# Did I make a mistake buying a Slayblade?



## DBLdangerTILT (Oct 26, 2009)

That board is much too wide for you and will probably feel like turning a truck. Exchange it if you can; do not get a wide board.


----------



## ev13wt (Nov 22, 2010)

Why do people read reviews AFTER buying gear? Just ride it. You obviously had a reason for buying it. It a snowboard, it will be fine... If its too soft you are gonna have to lose weight hehe.

Seriously, why did you buy a wide board for size 10.5 boots???


----------



## BEC61408 (Jan 28, 2009)

hope u bought from BC so u can return it after trying it!!


----------



## SantaCruz163 (Sep 14, 2010)

Because on my boots would overhang on my old Santa Cruz board and I just figured I needed a wide. :dunno:

Now I'm thinking about a regular Turbo Dream.


----------



## BurtonAvenger (Aug 14, 2007)

That guy called it soft wtf is he a sasquatch that thing is stiff as fuck and designed for hard charging.


----------



## ev13wt (Nov 22, 2010)

SantaCruz163 said:


> Because on my boots would overhang on my old Santa Cruz board and I just figured I needed a wide. :dunno:
> 
> Now I'm thinking about a regular Turbo Dream.

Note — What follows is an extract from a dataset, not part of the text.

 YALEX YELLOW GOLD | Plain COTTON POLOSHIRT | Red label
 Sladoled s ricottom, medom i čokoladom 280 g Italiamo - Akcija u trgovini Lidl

Most boots will overhang a bit, but since they are up high they won't drag while carving. Only if you fly off because they actually drag when you carve on groomers, then you need a wide board.

Hope you can exchange it.


----------



## SantaCruz163 (Sep 14, 2010)

I was able to cancel my order since it's the weekend and nothing was shipped, so that is a relief.

Now, I need to make a decision on what board to go with; Ride Antic, K2 Turbo Dream or K2 Slayblade. I'm leaning towards to the Antic which was my original choice. Does anyone have input on these boards?


----------



## JoeR (Oct 30, 2010)

SantaCruz163 said:


> Now, I need to make a decision on what board to go with; Ride Antic, K2 Turbo Dream or K2 Slayblade. I'm leaning towards to the Antic which was my original choice. Does anyone have input on these boards?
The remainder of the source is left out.